Hot Topic: Art in Novels

Great art often inspires conjecture and speculation about the people depicted in the paintings. There are many examples of novels in which the writer has run with their imagination and conjured up stories, mixing history with their own take on events, and producing very compelling narratives. Here are some examples, all of which are available at Dunedin Public Libraries.

Portrait of an Unknown Woman. Vanora Bennett
It is 1527 and the young painter, Hans Holbein, has come to live in London where he is commissioned by Sir Thomas More to paint a family portrait. Holbein paints two portraits, seven years apart, and the second portrait reveals some of More’s family secrets.

The Da Vinci Code. Dan Brown
Symbologist Robert Langdon receives news that a curator in the Louvre has been found murdered, his body covered in strange symbols. Langdon and cryptologist, Sophie Neveu, discover a trail of clues hidden in the works of Leonardo da Vinci. Deciphering the symbols, they reveal that the late curator was involved in a secret society and held an ancient secret.

The Painted Girls. Cathy Marie Buchanan
This book is inspired by the real-life model for Degas’s Little Dancer Aged 14. Set in Belle Époque Paris, the Van Goethem sisters are struggling financially. Marie is sent for ballet training where she meets Edgar Degas, while Antoinette finds work in the theatre in the stage adaptation of Emile Zola’s L’Assommoir”.

Girl with a Pearl Earring. Tracy Chevalier
Johannes Vermeer’s iconic painting lies at the heart of this novel. Set in Vermeer’s household in the 1660s, problems arise when Griet, a young servant girl, becomes increasingly close to her Master. Vermeer firstly chooses Griet to be his assistant and then to sit as his model.

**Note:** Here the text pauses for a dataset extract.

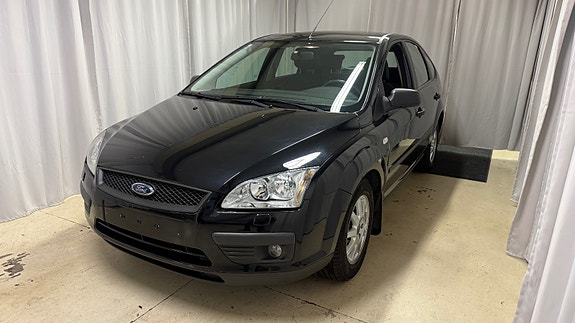 Ford Focus 2 of 13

Vanessa and Her Sister. Priya Parma
Based on the lives of Vanessa Bell and Virginia Woolf, part of the legendary Bloomsbury group in the early part of the 1900s in London, this story of the sisters’ developing relationship is told from the point of view of Vanessa, unfolding through journals, letters and telegrams.

The Goldfinch. Donna Tartt
Theodore and his beloved mother are visiting New York’s Metropolitan Museum of Art to view an exhibition of Dutch masterpieces, when a terrorist’s bomb explodes. In the confusion afterwards, Theodore takes a painting from the collection, Carel Fabritius’ The Goldfinch, his mother’s favourite, and is ultimately drawn into the art underworld.